Plus de 1800 morts à Gaza et de mornes condamnations.. Des indignations psalmodiées à voix basse. Des simulacres de marche téléguidées par les services pour couper l’herbe sous les pieds des islamistes. Le monde arabe est bien mort.
Ce terme générique désigne les pôles orientaux et occidentaux d’une bande de terre allant de l’Arabie heureuse et malheureuse à la Berberie d’Afrique du Nord. Sur ces terres gouvernées autrefois par des régimes progressistes et romantiques trône aujourd’hui une sorte de realpolitik inerte qui combine froidement la bonne entente avec Washington et ses alliés à une implacable lutte contre le terrorisme qui permet en réalité de mater les opposants.
Déjà pas remis de l’image atroce de Saddam Hussein, pendu haut et court devant les caméras du monde entier, les princes et dirigeants du monde arabe ont encore en mémoire les secousses telluriques du printemps arabe. De la fuite de Ben Ali à la comparution de Hosni Moubarak sur civière, en passant par la lapidation à mort de Kadhafi, ces dirigeants du monde arabe ont définitivement renoncé à toute prétention d’une solution au conflit palestinien autre que celle proposée par Israel et ses alliés.
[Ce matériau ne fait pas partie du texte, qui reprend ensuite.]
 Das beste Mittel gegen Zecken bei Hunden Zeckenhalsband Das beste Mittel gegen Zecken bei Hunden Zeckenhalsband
Bien loin d’agiter l’arme qui a conduit au choc pétrolier de 1973 et à la fin des 30 glorieuses, le Roi d’Arabie Saoudite cherche avant tout à « lutter contre le terrorisme ».
En cela, le gardien des lieux saints s’aligne sur la même longueur d’onde que l’égyptien Abdelfattah Sissi, lequel est le premier chef d’Etat depuis Sadate à afficher son alliance avec Tel Aviv dans une relative décontraction. Les petites animosités entre d’une part l’Arabie Saoudite, les Émirats Arabes Unis et l’Egypte et, d’autre part le petit et énigmatique Qatar, les uns et l’autre se gargarisant d’une alliance privilégiée avec les USA, bloquent toute tentative de parler d’une seule et même voix au sein de la ligue arabe redevenue un jouet aux mains de quelques chefs.
À cette dualité s’ajoute le conflit tragique entre shiites et sunites, conflit dont la Syrie et l’Irak dont devenus les terrains d’affrontement. Ces luttes pour l’absurde détournent les masses arabes des aspirations de dignité et de liberté émises lors du printemps arabe. Aussi, l’immense hijab qui recouvre le monde arabe, secoué le temps d’une printemps, s’est définitivement rabattu sur une jeunesse livrée aux deux extrêmes : l’alignement aux thèses sécuritaires. Ou la reconversion au Jihadisme. Des pays du printemps arabe qui ont renversé leurs régimes, seule la Tunisie est parvenue à empêcher le retour de la dictature. C’est là, aux portes de la Libye bédouine replongée au moyen âge, que se trouve le laboratoire démocratique d’un nouveau monde arabe.